Splintered Desire - tracing the Spinoza, Leibniz, and Deleuze Threesome



‘If it was not for the Monad, Spinoza would be right’ (Leibniz).


‘All that Spinozism needed to do for the univocal to become an object of pure affirmation was to make substance turn around the modes -- in other words, to realize univocity in the form of repetition in the eternal return.’ (Deleuze).
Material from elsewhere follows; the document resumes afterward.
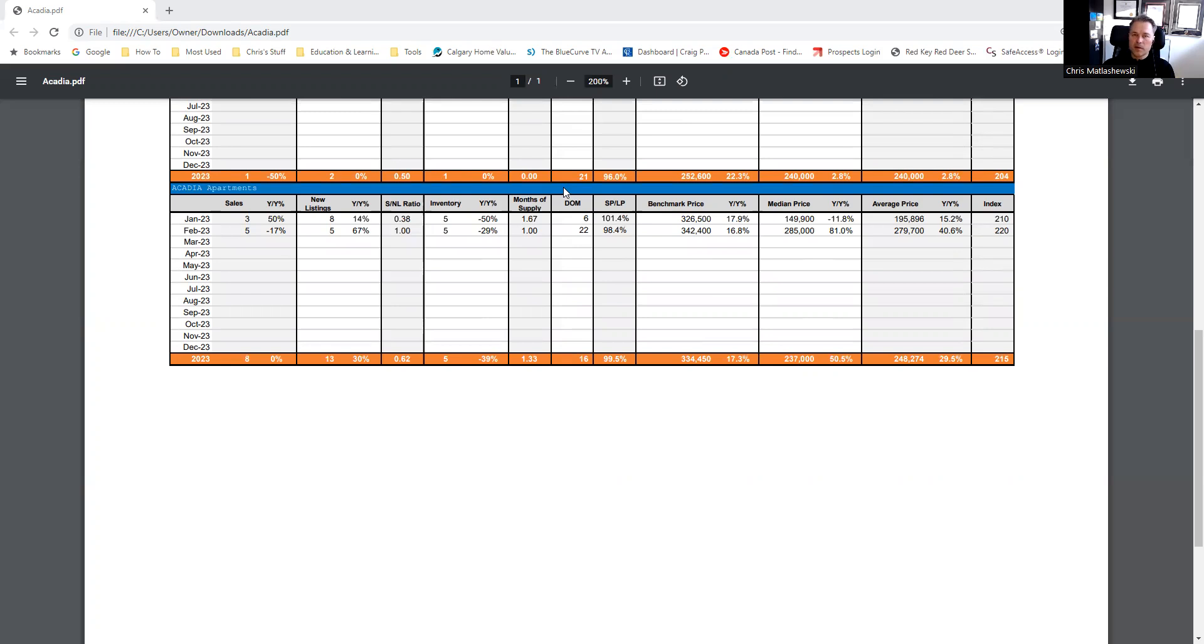And again, our months of supply is super low. So that's your market minute for the community of Acadia.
The idea behind this paper originates in the way that these two quotes echo one another. Both of them seem to suggest that in the end Spinoza fails because he cannot grasp fully the importance of this ‘being singular’. And yet of course it is not as simple as this for Deleuze given his avowed Spinoza-ism. Deleuze will then not merely echo Leibniz’s criticism of Spinoza - but will at the same time attempt a parallel critique of Leibniz. The aim of this critique being to show that Leibniz would have been right if only he had understood that all incompossible worlds did not in fact represent differing worlds, bur were rather part of one chaosmos; and hence God was not so much an external force choosing between these options – but was rather a process within the world. In short Leibniz would have been right if he had kept both the Monad and God within the immanent world: That is, if he had accepted at least this key element of Spinoza.
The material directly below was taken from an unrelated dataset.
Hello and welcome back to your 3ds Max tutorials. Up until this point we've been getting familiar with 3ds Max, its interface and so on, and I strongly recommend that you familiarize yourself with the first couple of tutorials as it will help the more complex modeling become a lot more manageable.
  My case will then be, that in understanding Deleuze’s treatment of Leibniz it is always necessary to remember both Leibniz’s and Deleuze’s very different relationships with Spinoza – and it is the nature of these differing relations that informs certain key chapters in Deleuze’s book ‘the Fold ‘– in particular the ‘Incompossibility, individuality, liberty’, and ‘What is an event?’.  My argument will then centre on the two key ways in which Leibniz thinks that he has surpassed Spinoza - namely in distinguishing between continuals and substances, and in the exact nature of desire. I will try to show that whilst Deleuze will readily accept much of Leibniz’s criticism of Spinoza at least on a superficial level, it is always the case, in the final analysis, that Deleuze will break with Leibniz in order to defend what he feels to be the key revelation of Spinoza – namely that both continuity and desire need to be understood as they occur within an immanence.
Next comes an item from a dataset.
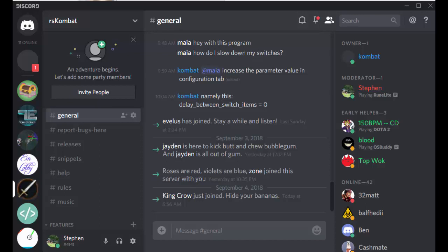Alright guys, here I'm just going to walk you through how to install and use the RSK RuneScape software. So yeah, we'll move straight in. I assume you've got the Discord link, in which case you need to come to the Discord and move to the releases tab.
The paper will then naturally fall into three sections. Firstly I will attempt to identify the deep kinship that runs through all three philosophers – in particular highlighting their shared mistrust of understanding the world in terms of parts and wholes or in terms of continuities understood in themselves; and their common endeavour to contrast these abstractions with entities which can simply inhabit the middle of difference. Secondly I will carefully trace the nature of Leibniz’s break with Spinoza – and attempt to demonstrate how this break moved Leibniz’s own understanding of the world towards the transcendental and away from the immanent (a move which he repeatedly stresses). Finally I will examine both the nature and plausibility of Deleuze’s subsequent attempt to move Leibnizian concepts back towards the immanent and Spinoza. I will then conclude with a brief assessment of what is left of Spinoza once one has taken this Leibnizian detour – and exactly why this detour is then so important to Deleuze.